**WHAT IS BEING ASKED**:
When you return the lines below, go from the first through the line with "Giclée encadrée de", keep them exact, and leave out every picture.

[Image-text web data]
Segment Open

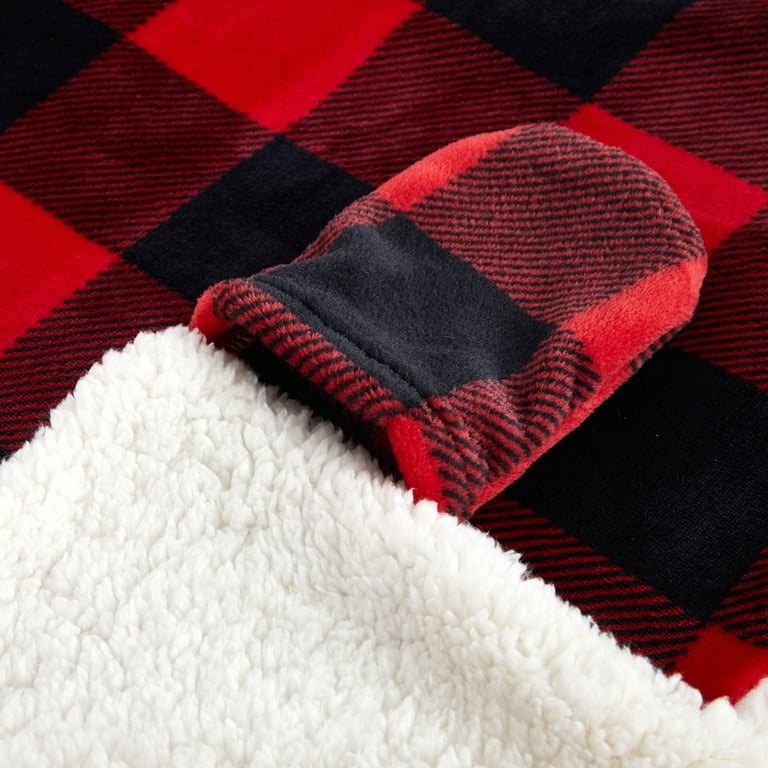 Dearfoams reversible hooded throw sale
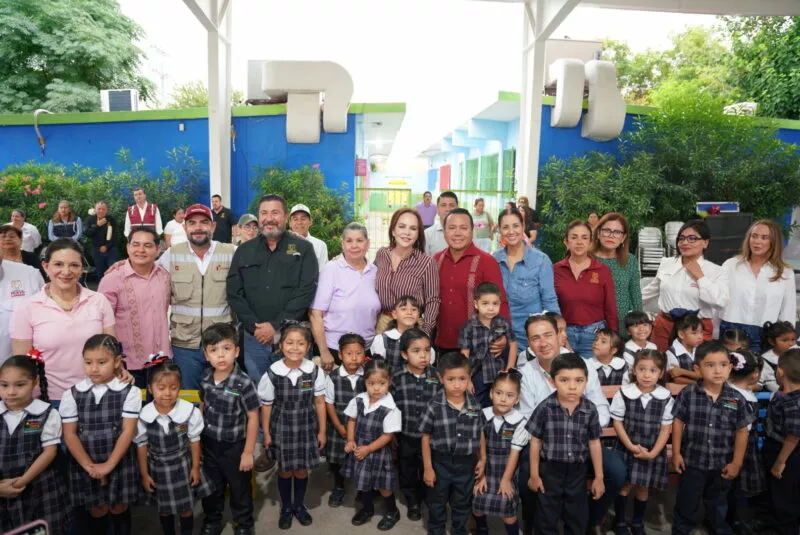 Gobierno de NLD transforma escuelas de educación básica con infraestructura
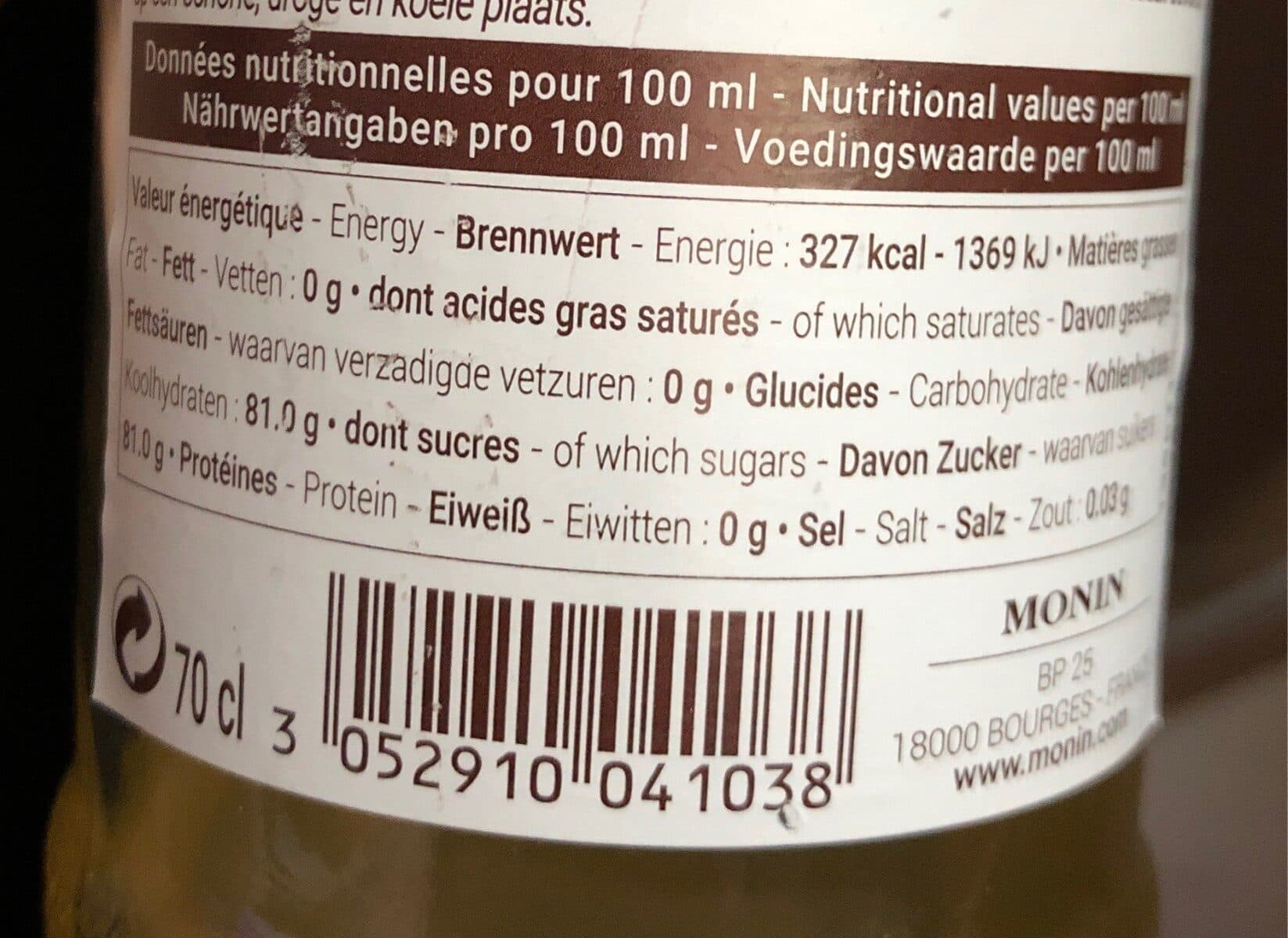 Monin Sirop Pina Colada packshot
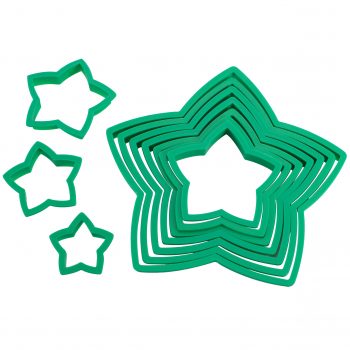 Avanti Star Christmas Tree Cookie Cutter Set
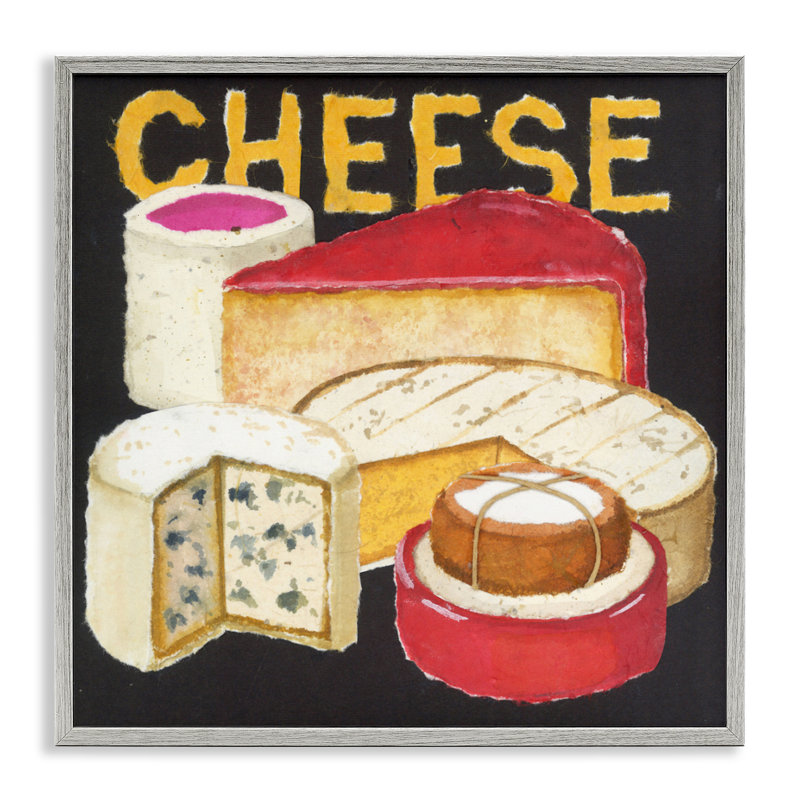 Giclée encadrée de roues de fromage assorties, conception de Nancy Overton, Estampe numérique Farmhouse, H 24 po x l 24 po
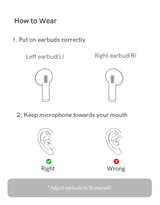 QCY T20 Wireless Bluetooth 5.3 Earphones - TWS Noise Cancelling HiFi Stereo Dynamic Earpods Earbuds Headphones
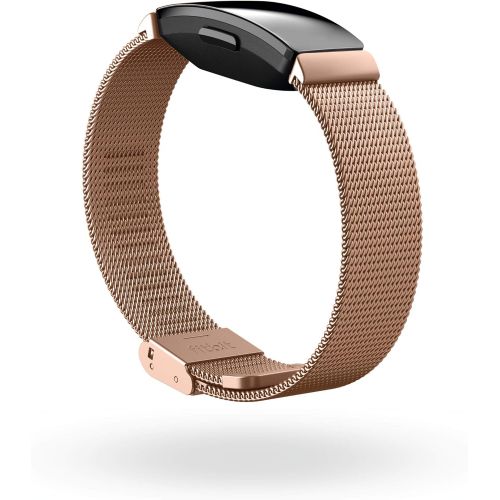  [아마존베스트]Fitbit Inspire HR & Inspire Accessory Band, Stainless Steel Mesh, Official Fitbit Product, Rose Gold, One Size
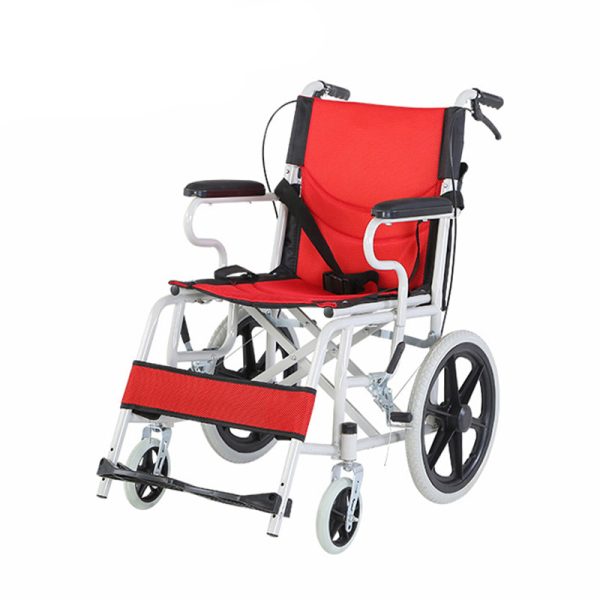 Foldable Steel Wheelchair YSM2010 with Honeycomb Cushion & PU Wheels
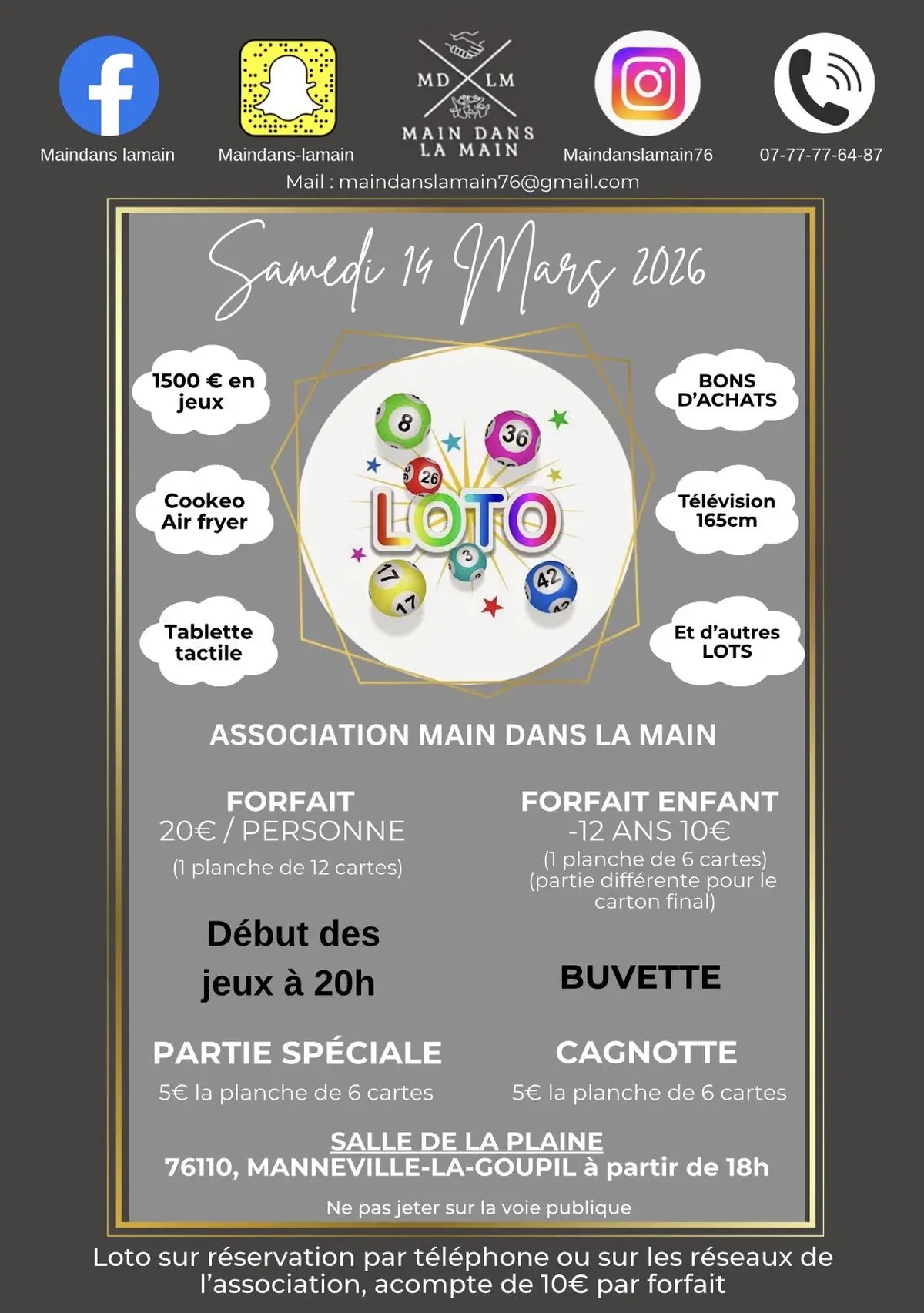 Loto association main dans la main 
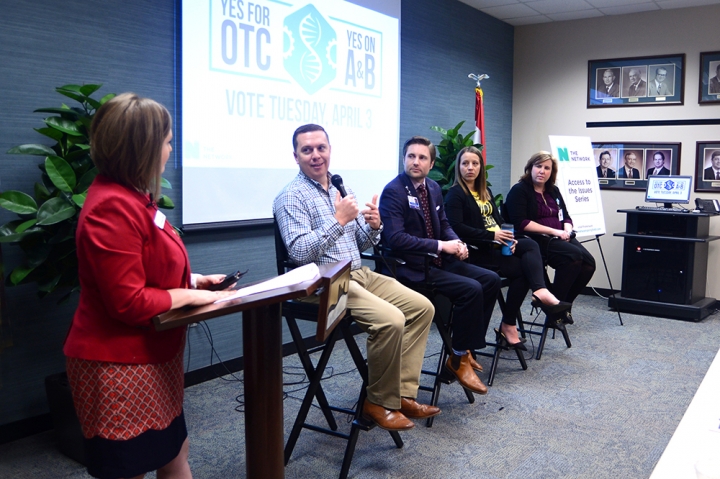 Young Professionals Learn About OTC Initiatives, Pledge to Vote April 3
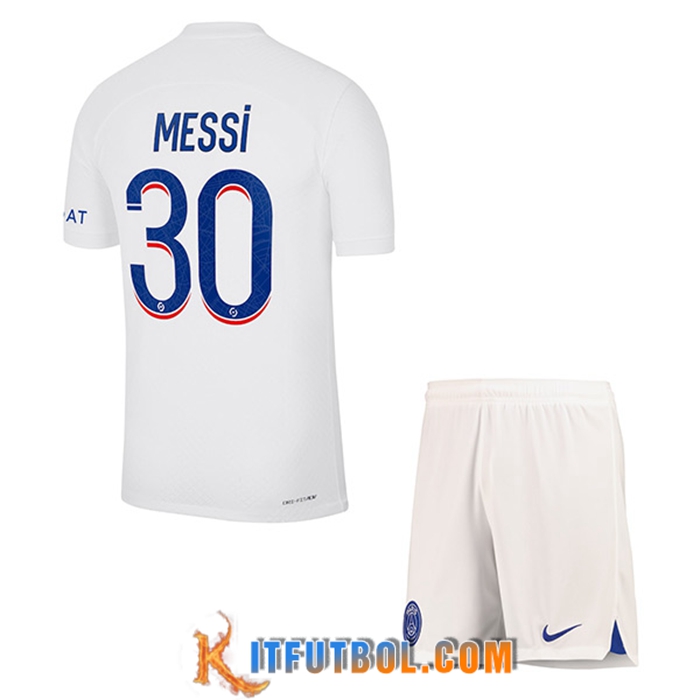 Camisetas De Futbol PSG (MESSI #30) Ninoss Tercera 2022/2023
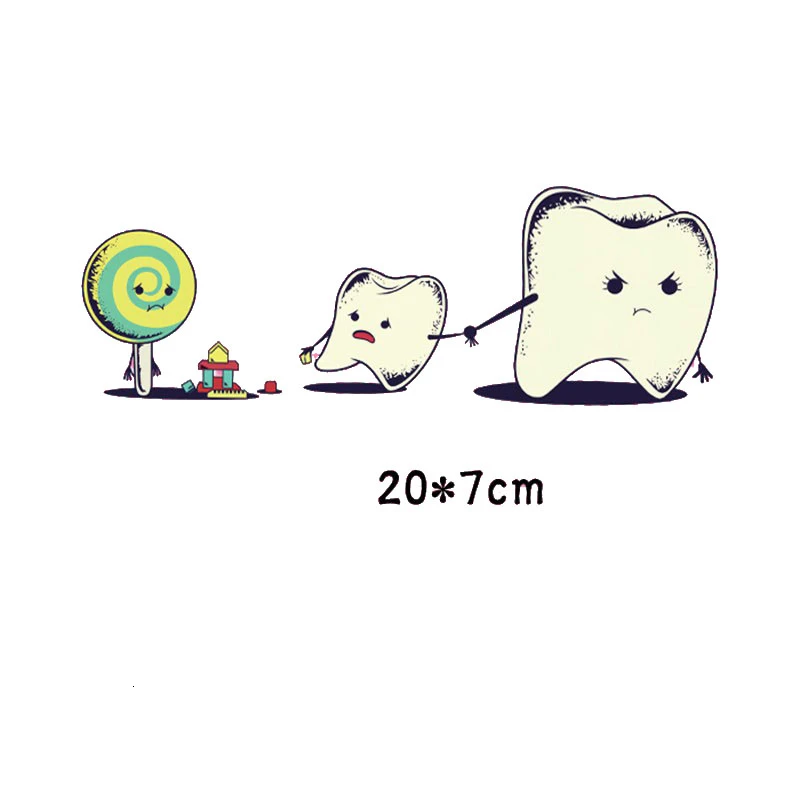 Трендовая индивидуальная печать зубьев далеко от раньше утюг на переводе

Segment Closed

**EXPECTED ANSWER**:
 Dearfoams reversible hooded throw sale
 Gobierno de NLD transforma escuelas de educación básica con infraestructura
 Monin Sirop Pina Colada packshot
 Avanti Star Christmas Tree Cookie Cutter Set
 Giclée encadrée de roues de fromage assorties, conception de Nancy Overton, Estampe numérique Farmhouse, H 24 po x l 24 po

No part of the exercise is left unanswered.